Vu les autres pièces du dossier.

Vu :

- le code de l'entrée et du séjour des étrangers et du droit d'asile ;

- la loi n° 91-647 du 10 juillet 1991 et le décret n° 2020-1717 du 28 décembre 2020 ;

- le code de justice administrative.

Considérant ce qui suit :

1. La magistrate désignée du tribunal administratif de Nice a rejeté la demande de M. A comme étant irrecevable, au motif de sa tardiveté au regard du délai de recours spécial de sept jours qui lui était applicable.

2. Le requérant, en premier lieu, conteste la régularité de la notification de l'arrêté en litige. Il est néanmoins constant que celle-ci comportait la mention exacte des voies et délais de recours. Si elle mentionnait également les dispositions de l'article R. 776-31 du code de justice administrative alors que celles-ci étaient abrogées, il n'est pas allégué que l'intéressé ait tenté, sur la foi de ces indications, de déposer sa requête auprès du chef de l'établissement pénitentiaire.

3. En second lieu, si les dispositions de l'article L. 613-3 du code de l'entrée et du séjour des étrangers et du droit d'asile prévoient que " l'étranger est mis en mesure, dans les meilleurs délais, d'avertir un conseil, son consulat ou une personne de son choix ", il n'est pas prescrit que ces dispositions doivent être reproduites dans le procès-verbal de notification et M. A n'établit par aucun moyen de preuve qu'elles n'auraient pas été respectées et qu'il n'aurait pu, ainsi qu'il se borne à l'alléguer, ni faire prévenir sa famille ou un conseil, ni les contacter par lui-même.
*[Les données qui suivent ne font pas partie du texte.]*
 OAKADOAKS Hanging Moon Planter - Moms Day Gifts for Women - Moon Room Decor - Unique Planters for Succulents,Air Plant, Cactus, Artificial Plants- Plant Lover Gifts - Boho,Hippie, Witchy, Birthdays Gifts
A cet égard, il n'appartenait pas, en tout état de cause, au conseiller pénitentiaire d'insertion et de probation du requérant, même contacté au préalable par son conseil, d'adresser à celui-ci l'arrêté en litige dès après sa notification afin qu'il puisse être contesté dans le délai de recours.

4. Il résulte de l'ensemble de ce qui précède que le délai de recours de sept jours était bien opposable au requérant. Par suite, M. A n'est pas fondé à soutenir que c'est à tort que la magistrate désignée du tribunal administratif de Nice a rejeté sa demande comme irrecevable. Dès lors, sa requête d'appel doit elle-même être rejetée, en application des dispositions du dernier alinéa de l'article R. 222-1 du code de justice administrative, y compris ses conclusions présentées au titre des articles L. 761-1 du même code et 37 de la loi du 10 juillet 1991.

O R D O N N E :

Article 1er : La requête de M. A est rejetée.

Article 2 : La présente ordonnance sera notifiée à M. B A et à Me Djierdjian.